EXERCISE: Give an exact copy of the data that follows.

DATA SHOWN:
══════════
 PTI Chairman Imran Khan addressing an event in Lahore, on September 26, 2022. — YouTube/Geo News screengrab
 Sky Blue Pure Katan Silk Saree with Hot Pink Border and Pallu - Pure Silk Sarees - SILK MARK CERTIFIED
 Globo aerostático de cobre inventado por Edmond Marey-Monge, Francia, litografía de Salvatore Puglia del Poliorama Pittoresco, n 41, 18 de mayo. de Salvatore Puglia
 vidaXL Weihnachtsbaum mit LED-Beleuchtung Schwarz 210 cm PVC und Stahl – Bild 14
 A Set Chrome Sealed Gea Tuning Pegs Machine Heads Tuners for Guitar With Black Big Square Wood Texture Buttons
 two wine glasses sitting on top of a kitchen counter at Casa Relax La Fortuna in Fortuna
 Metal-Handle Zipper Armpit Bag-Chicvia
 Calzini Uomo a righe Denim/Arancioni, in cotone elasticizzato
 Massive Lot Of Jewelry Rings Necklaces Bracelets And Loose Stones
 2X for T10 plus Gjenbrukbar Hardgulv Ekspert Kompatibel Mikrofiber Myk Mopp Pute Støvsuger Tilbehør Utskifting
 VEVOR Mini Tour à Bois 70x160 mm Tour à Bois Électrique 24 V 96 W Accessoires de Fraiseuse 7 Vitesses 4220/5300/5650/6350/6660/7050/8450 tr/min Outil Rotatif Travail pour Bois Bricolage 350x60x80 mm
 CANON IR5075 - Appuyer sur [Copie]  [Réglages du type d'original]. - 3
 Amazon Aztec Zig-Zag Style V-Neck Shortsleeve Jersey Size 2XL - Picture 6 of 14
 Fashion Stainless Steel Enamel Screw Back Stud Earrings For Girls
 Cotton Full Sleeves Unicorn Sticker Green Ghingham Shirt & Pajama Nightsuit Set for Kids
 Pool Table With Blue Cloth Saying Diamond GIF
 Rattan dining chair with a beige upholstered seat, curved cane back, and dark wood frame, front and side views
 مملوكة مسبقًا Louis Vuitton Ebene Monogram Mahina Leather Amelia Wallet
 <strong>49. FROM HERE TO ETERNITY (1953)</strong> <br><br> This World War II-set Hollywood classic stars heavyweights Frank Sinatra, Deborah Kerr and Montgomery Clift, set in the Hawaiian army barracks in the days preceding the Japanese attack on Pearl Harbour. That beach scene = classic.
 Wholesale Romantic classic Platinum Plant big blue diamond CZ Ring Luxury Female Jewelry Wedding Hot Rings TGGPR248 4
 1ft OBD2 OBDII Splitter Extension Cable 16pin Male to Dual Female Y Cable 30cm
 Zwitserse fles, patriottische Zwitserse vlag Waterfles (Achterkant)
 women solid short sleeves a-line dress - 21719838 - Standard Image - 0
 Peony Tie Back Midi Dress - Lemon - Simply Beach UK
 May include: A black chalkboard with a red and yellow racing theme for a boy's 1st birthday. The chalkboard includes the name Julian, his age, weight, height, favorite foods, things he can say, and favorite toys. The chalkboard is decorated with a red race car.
══════════
EXERCISE RESPONSE:
 PTI Chairman Imran Khan addressing an event in Lahore, on September 26, 2022. — YouTube/Geo News screengrab
 Sky Blue Pure Katan Silk Saree with Hot Pink Border and Pallu - Pure Silk Sarees - SILK MARK CERTIFIED
 Globo aerostático de cobre inventado por Edmond Marey-Monge, Francia, litografía de Salvatore Puglia del Poliorama Pittoresco, n 41, 18 de mayo. de Salvatore Puglia
 vidaXL Weihnachtsbaum mit LED-Beleuchtung Schwarz 210 cm PVC und Stahl – Bild 14
 A Set Chrome Sealed Gea Tuning Pegs Machine Heads Tuners for Guitar With Black Big Square Wood Texture Buttons
 two wine glasses sitting on top of a kitchen counter at Casa Relax La Fortuna in Fortuna
 Metal-Handle Zipper Armpit Bag-Chicvia
 Calzini Uomo a righe Denim/Arancioni, in cotone elasticizzato
 Massive Lot Of Jewelry Rings Necklaces Bracelets And Loose Stones
 2X for T10 plus Gjenbrukbar Hardgulv Ekspert Kompatibel Mikrofiber Myk Mopp Pute Støvsuger Tilbehør Utskifting
 VEVOR Mini Tour à Bois 70x160 mm Tour à Bois Électrique 24 V 96 W Accessoires de Fraiseuse 7 Vitesses 4220/5300/5650/6350/6660/7050/8450 tr/min Outil Rotatif Travail pour Bois Bricolage 350x60x80 mm
 CANON IR5075 - Appuyer sur [Copie]  [Réglages du type d'original]. - 3
 Amazon Aztec Zig-Zag Style V-Neck Shortsleeve Jersey Size 2XL - Picture 6 of 14
 Fashion Stainless Steel Enamel Screw Back Stud Earrings For Girls
 Cotton Full Sleeves Unicorn Sticker Green Ghingham Shirt & Pajama Nightsuit Set for Kids
 Pool Table With Blue Cloth Saying Diamond GIF
 Rattan dining chair with a beige upholstered seat, curved cane back, and dark wood frame, front and side views
 مملوكة مسبقًا Louis Vuitton Ebene Monogram Mahina Leather Amelia Wallet
 <strong>49. FROM HERE TO ETERNITY (1953)</strong> <br><br> This World War II-set Hollywood classic stars heavyweights Frank Sinatra, Deborah Kerr and Montgomery Clift, set in the Hawaiian army barracks in the days preceding the Japanese attack on Pearl Harbour. That beach scene = classic.
 Wholesale Romantic classic Platinum Plant big blue diamond CZ Ring Luxury Female Jewelry Wedding Hot Rings TGGPR248 4
 1ft OBD2 OBDII Splitter Extension Cable 16pin Male to Dual Female Y Cable 30cm
 Zwitserse fles, patriottische Zwitserse vlag Waterfles (Achterkant)
 women solid short sleeves a-line dress - 21719838 - Standard Image - 0
 Peony Tie Back Midi Dress - Lemon - Simply Beach UK
 May include: A black chalkboard with a red and yellow racing theme for a boy's 1st birthday. The chalkboard includes the name Julian, his age, weight, height, favorite foods, things he can say, and favorite toys. The chalkboard is decorated with a red race car.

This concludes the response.